Work item
Set the pictures aside and transcribe exactly the lines from the one containing "MOBKAJUI USB C" through the final line of the records.

Data for this task
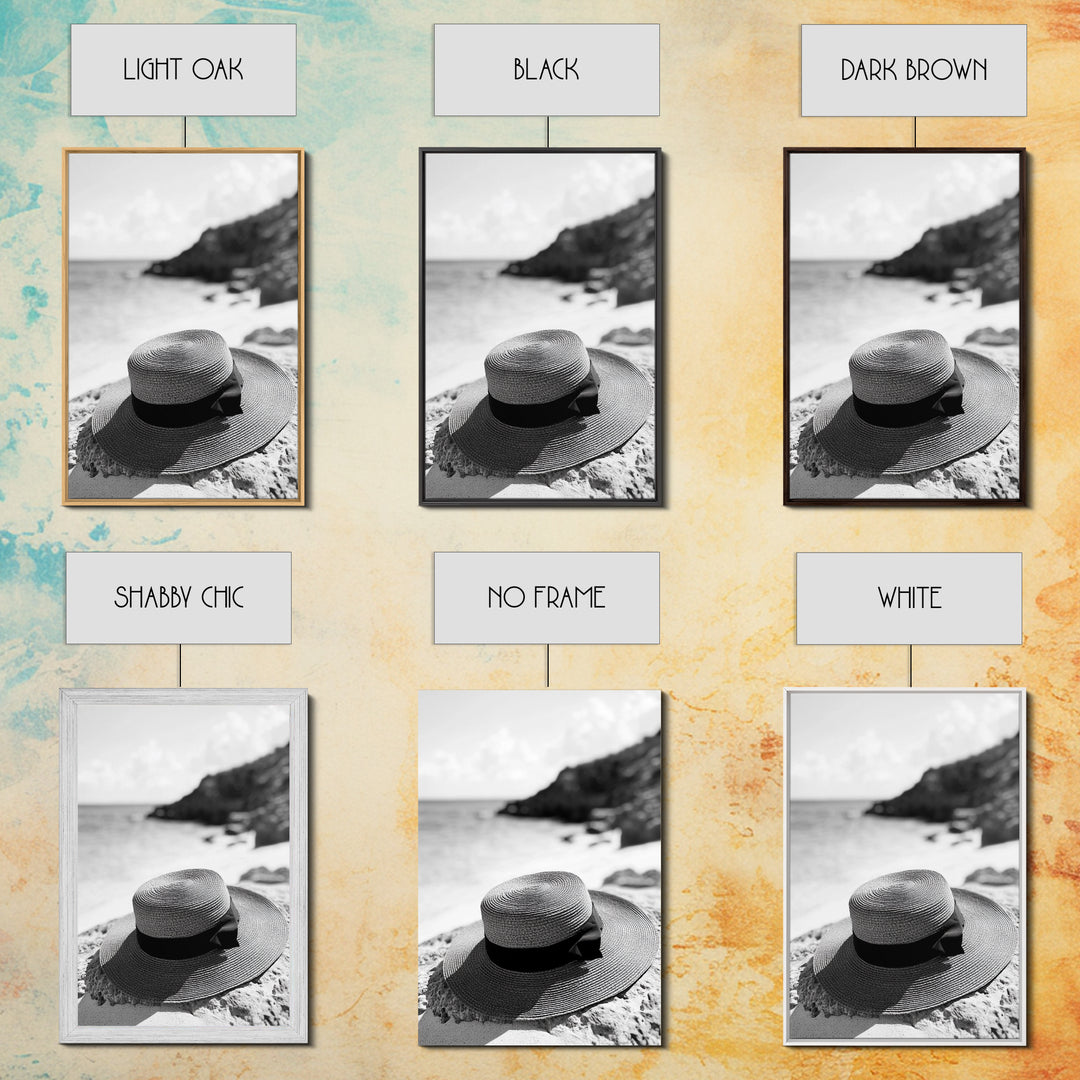 Beach Hat Closeup, Seaside Fashion, Coastal Breeze, Relaxed Mood, Framed Canvas Print, Minimalist Beach Art, Summer Home Decor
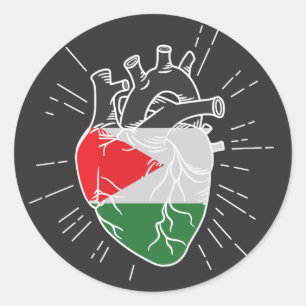 Palestine Flag Human Heart Classic Round Sticker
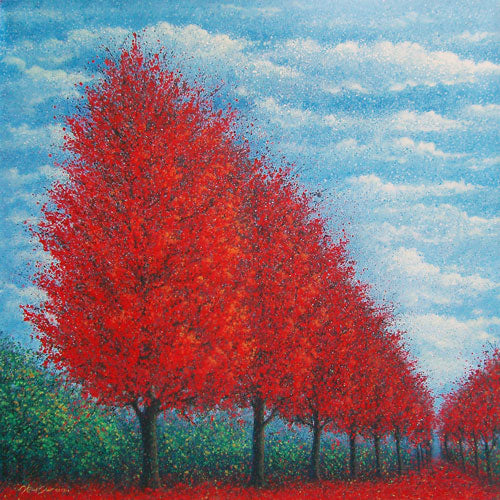 The Season of Love - Clear Sky - Oil & Acrylic on Canvas by Narate Kathong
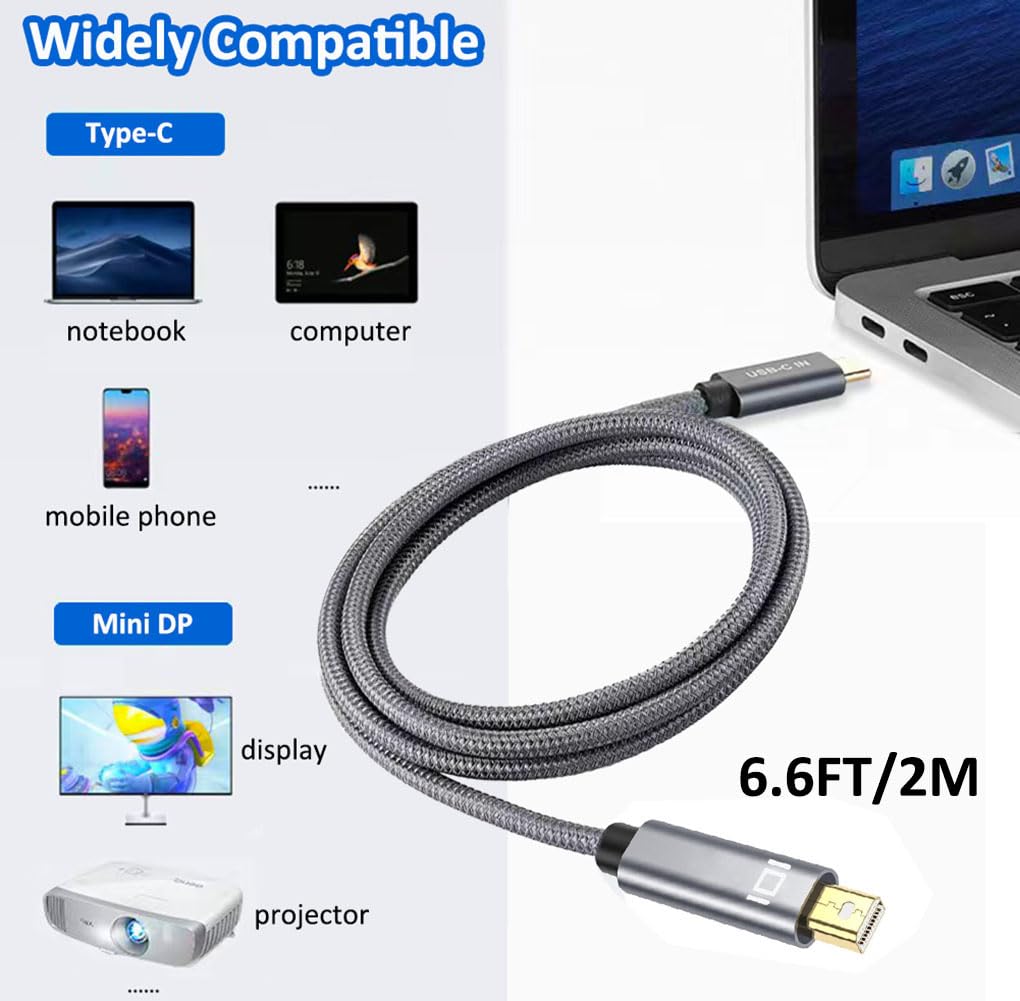 MOBKAJUI USB C to Mini DisplayPort Cable, Thunderbolt 3 Cable to Mini DP 6.6FT/2m, Compatible for MacBook Pro/Air 2024-2016, Surface Book2, Galaxy S21/9/10/20 (NOT for Thunderbolt 2)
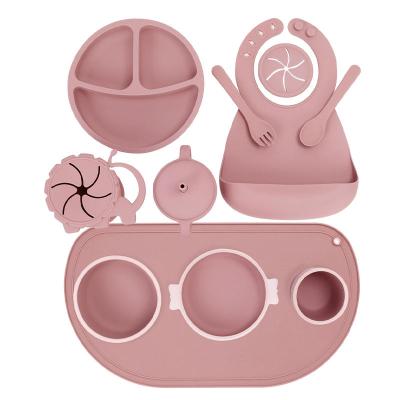 China BPA Free Silicone Baby Suction Bowl Dish Silicone Bib Baby Bib Set 7pcs Feeding Tableware Set Bpa Free Led Weaning Set for sale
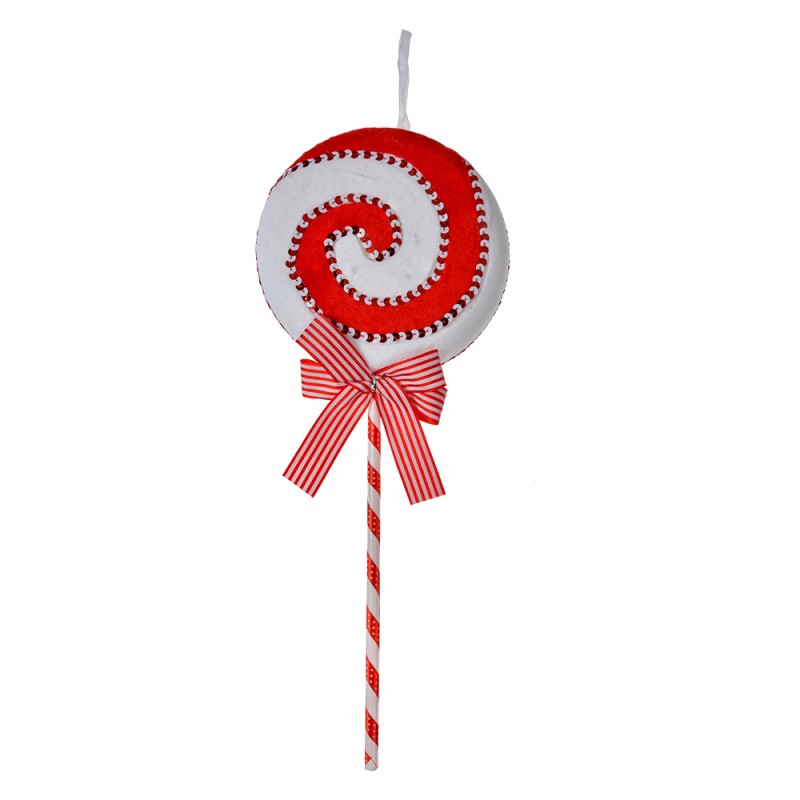 Clayre & Eef Christmas Ornament Lollipop Ø 10x45 cm Red White Plastic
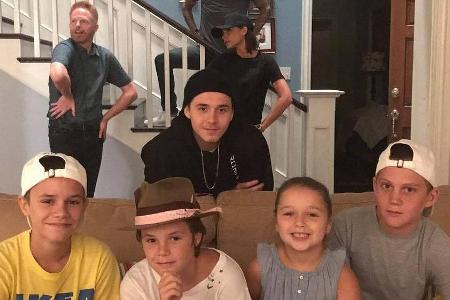 Familie Beckham hat Spaß am Set von 
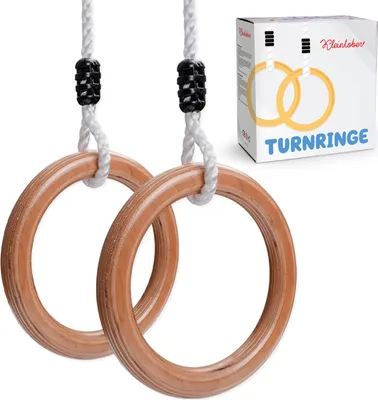 Produktbild von Kleintober Premium Holz Turnringe für Kinder & Erwachsene, Outdoor & Indoor, Ringe mit verstellbare Höhe, mit Anleitung für Fitness & Sport und Medaillen für Motivation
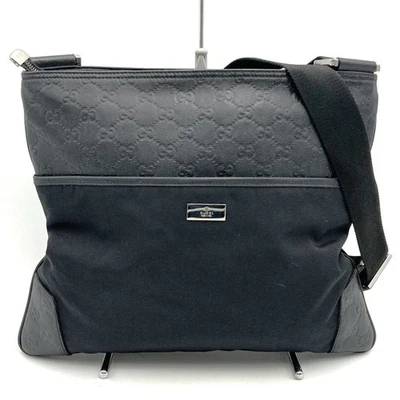 GUCCI 161822 Guccissima Shoulder Bag in Black Leather for Men and Women - Image 1 of 4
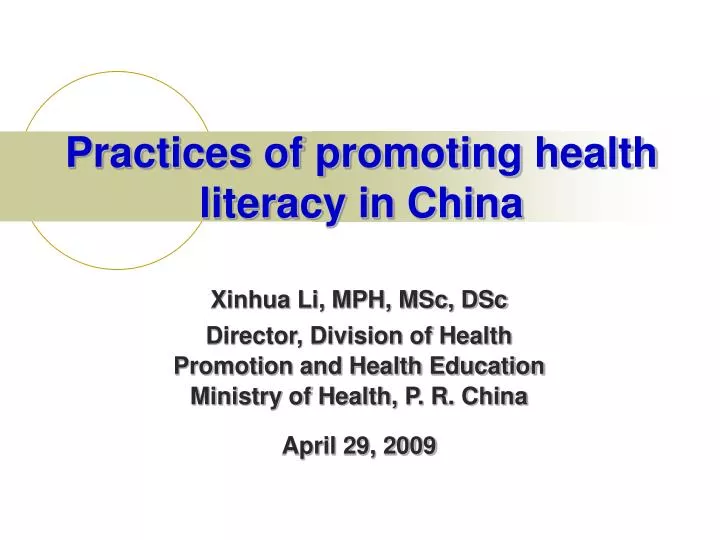 practices of promoting health literacy in china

Reply to the exercise
 MOBKAJUI USB C to Mini DisplayPort Cable, Thunderbolt 3 Cable to Mini DP 6.6FT/2m, Compatible for MacBook Pro/Air 2024-2016, Surface Book2, Galaxy S21/9/10/20 (NOT for Thunderbolt 2)
 China BPA Free Silicone Baby Suction Bowl Dish Silicone Bib Baby Bib Set 7pcs Feeding Tableware Set Bpa Free Led Weaning Set for sale
 Clayre & Eef Christmas Ornament Lollipop Ø 10x45 cm Red White Plastic
 Familie Beckham hat Spaß am Set von 
 Produktbild von Kleintober Premium Holz Turnringe für Kinder & Erwachsene, Outdoor & Indoor, Ringe mit verstellbare Höhe, mit Anleitung für Fitness & Sport und Medaillen für Motivation
 GUCCI 161822 Guccissima Shoulder Bag in Black Leather for Men and Women - Image 1 of 4
 practices of promoting health literacy in china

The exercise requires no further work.